1. Field of Invention
The present invention relates to a memory device. More particularly, the present invention relates to a non-volatile memory and a manufacturing method and an erasing method thereof.
2. Description of Related Art
Memory, just as its name implies, is a semiconductor device for storing information and data. Memory is required to perform more and more effectively as the functions of microprocessors become stronger and the programs and calculations of software become larger. Memory with mass storage and low cost must be manufactured to meet the requirements of this trend. Therefore, the process of manufacturing such memory devices continuously develops for the semiconductor technology with higher integration.
Among memories, non-volatile memory is capable of storing, reading, or erasing data repeatedly, and the stored data will not disappear after the power supply is disconnected. Because of these advantages, non-volatile memory has become a memory device widely employed in personal computers and electronic apparatuses.
FIG. 1 is a schematic cross-sectional view of a conventional single poly non-volatile memory. The conventional single poly non-volatile memory consists of an N-type metal oxide semiconductor (NMOS) structure 10 and a P-type metal oxide semiconductor (PMOS) structure 12, and a field oxide layer 11 between the NMOS structure 10 and the PMOS 12 structure. The NMOS structure 10 is formed on a P-type substrate 14, and comprises a floating gate 16, a gate oxide layer 34, an N+ source doped region 18, and an N+ drain doped region 20. The PMOS structure 12 is formed on an N-type ion well region 22, and comprises a floating gate 24, a gate oxide layer 36, a P+ source doped region 26, and a P+ drain doped region 28. Additionally, an N-type channel barrier region 30 is disposed below the floating gate 24 and adjoins to one side of the P+ source doped region 26. Furthermore, a floating gate wire 32 should be disposed between the floating gates 16 and 24, in order to maintain the same potential for the floating gates 16 and 24.

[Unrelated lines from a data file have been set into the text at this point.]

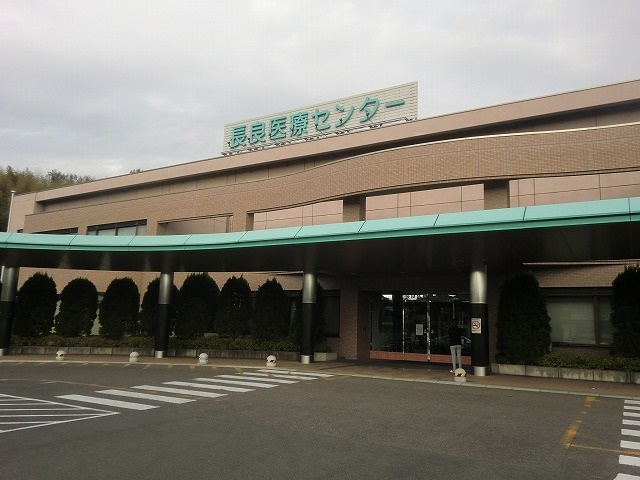 エレガンスながら その他
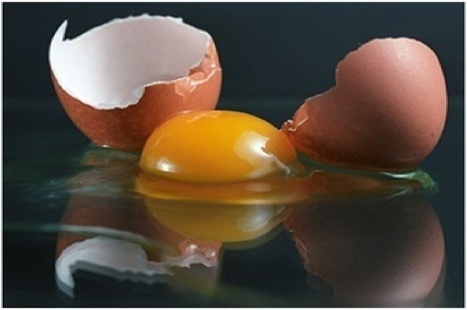 Mille et une astuces pour remplacer les oeufs dans les recettes ! | Recettes Index Glyc&eacute;miques Bas | Scoop.it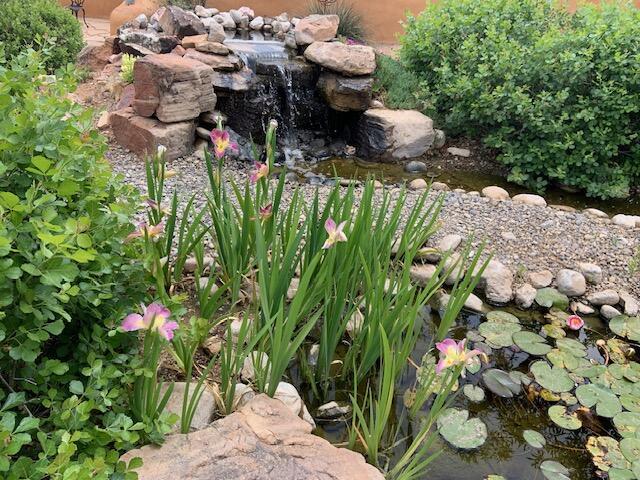 8008 Loma Larga Rd, Corrales, NM 87048 - exterior view of a small pond
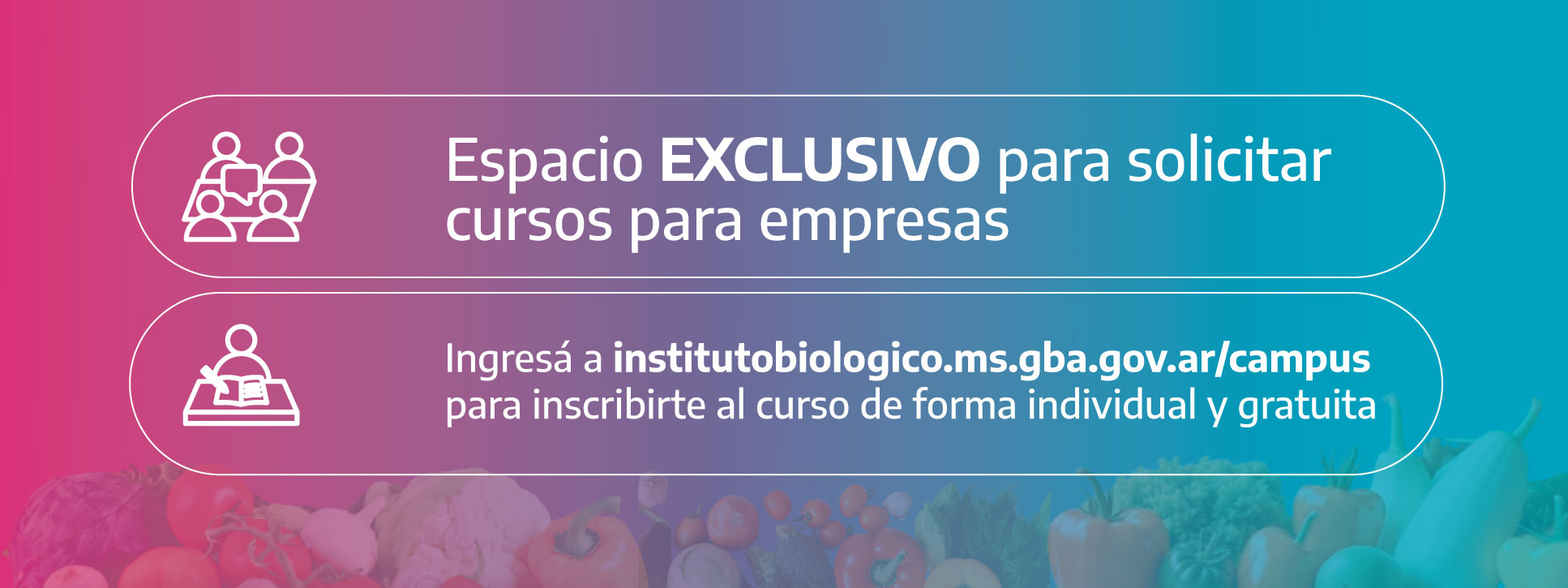 Curso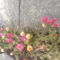 Virágok 1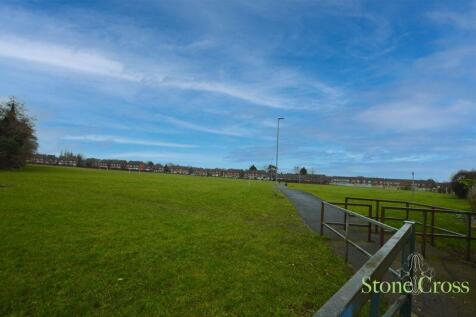 Field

However, the conventional single poly non-volatile memory encounters a few problems. For example, the conventional single poly non-volatile memory including the NMOS structure 10 and the PMOS structure 12 occupies a much larger chip area, which results in a relatively high production cost. On the other hand, the conventional single poly non-volatile memory takes a longer time to erase data, resulting in low operating speed of the memory device. Moreover, for the erasing operation of the conventional single poly non-volatile memory, the electrons are drawn from the floating gate to the substrate through the gate oxide layer, and the gate oxide layer may be easily damaged, thus adversely affecting the cycling number and the reliability of the memory device.
FIG. 2 is a schematic cross-sectional view of a split gate non-volatile memory. The conventional split gate non-volatile memory comprises a substrate 40, a floating gate 42, a control gate 44, a source region 46, and a drain region 48. However, the memory device employing the conventional split gate non-volatile memory has a larger size, and electron can be trapped easily for the erasing operation, thus lowering endurance of the memory device.